So it was that we hiked down Washington Street until it became almost dark and the realization that the Anvil restaurant was a long way back and we had only just gotten to the 7-11 . By this time I was starving. 
Paul broke into the run and was already at the fountain machine before I got the door open. To be fair, for a 7-11, this place was loaded to the ceiling with stuff to buy and food to eat. I'm sure it was almost always busy. Unfortunately, it was just outside of the  nice part of town and we were now in the section of falling down buildings that weren't getting repaired any time soon. 
 A young woman with long brown hair and no indication that she was a country girl was cheerfully working behind the counter and helping two truck drivers while I drooled over the array of junk food rolling around on little stainless steel cookers on the counter. She saw me looking and I said, "No way you have pepperoni pizza?" She smiled and pointed to a large windowed container on the other counter that had two lonely pieces of pizza just sitting there in the glare of infared lamps.
I heard a wail from the other side of the store as Paul called out "Hey, you need to switch the tanks on the coke!" 
The young woman turned from me for a minute and called out "Yeah, it's been broken all week. Both Coke and Pepsi. We do have Diet though." 
I heard a sound from Paul that was made me think of a moose snorting. I suggested that he get a bottle of Coke and pour it into a cup of ice and he looked back at me as if there is not one person in the world that would ever do such a thing.
In the end, our last wonderful meal in the great town of Harper's Ferry, was sitting on the curb to the side of 7-11, me chewing on day-old pizza, while Paul sipped on a fountain Orange Fanta, and we gazed at a falling apart double-wide house trailer with rusting axles where there should have been wheels.
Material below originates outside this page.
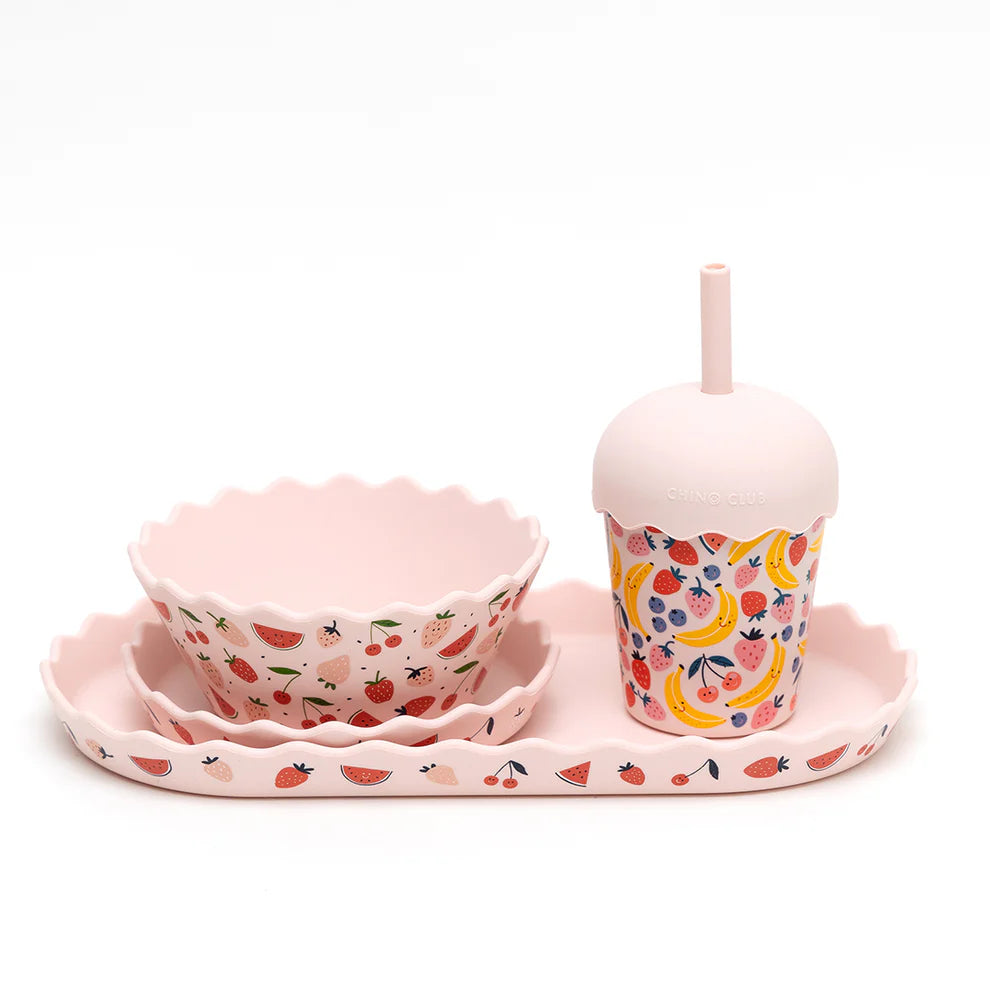 Children's tableware set with pink bowls and cup on a white background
I tried not to think of steaks and margaritas, and all of the other things in life that I hoped to have. Paul looked over from his microwave cheeseburger and said, "Well at least this is better than $8 for grilled cheese and tomato soup!"
Slowly I turned...…

----The End-----

Thursday, November 29, 2018

Maryland Rocks: Part 13 - Goodbye to the Cult Farm

It was really nice at the 12 Tribes Hostel and I'd say the only fly in the ointment, was my midnight journey to the bathroom. One thing pretty cool, for a guy anyway, is when I'm camping I just have to take a few steps out of the tent to the nearest tree. At the hostel, I took one step out the door of our 'cabin', being careful not to wake the others and found a full moon lighting the world up. I had vision of somebody catching me taking a leak in the cow pasture and then the group has a trial where it is decided whether I needed to spend a week in the blocks or a flogging was called for. Instead, I did the long walk to the bathroom building, which was still toasty warm. I almost spent the rest of the night there, but finally decided I needed to get back in my sleeping bag.
In the morning, Paul and I decided to try and find their little market that supposedly had the world's best muffins. Unfortunately, I was following directions from country people "It's over there on the other side of the 'holler'". I should have used Google, and I might have been able to describe the first taste of a organically grown muffin. However, Paul and I did find one of the oddest things on the trip. Not 100 yards away from this old farm, with chickens and cows and farm machinery about, was a little highway that was bumper-to-bumper full of traffic like the worst day on I-4 in Orlando. There were fumes, there was honking, there were BMWs trying to ride down the shoulder of the road. It was surreal that these things that were so different, were right next to each other, and yet, that explained the success of the market. In a town where you couldn't make money selling vegetables, you could make money selling coffee-to-go.
That reminded me...a constant on these backpacking trips to small towns in the mountains..if anyone out there thinks that Dunkin Donuts is on the ropes and can't compete with Starbucks, they have not been to these small towns. There wasn't a single time we passed a Dunkin Donuts that there wasn't a mile long line in the drive throughs.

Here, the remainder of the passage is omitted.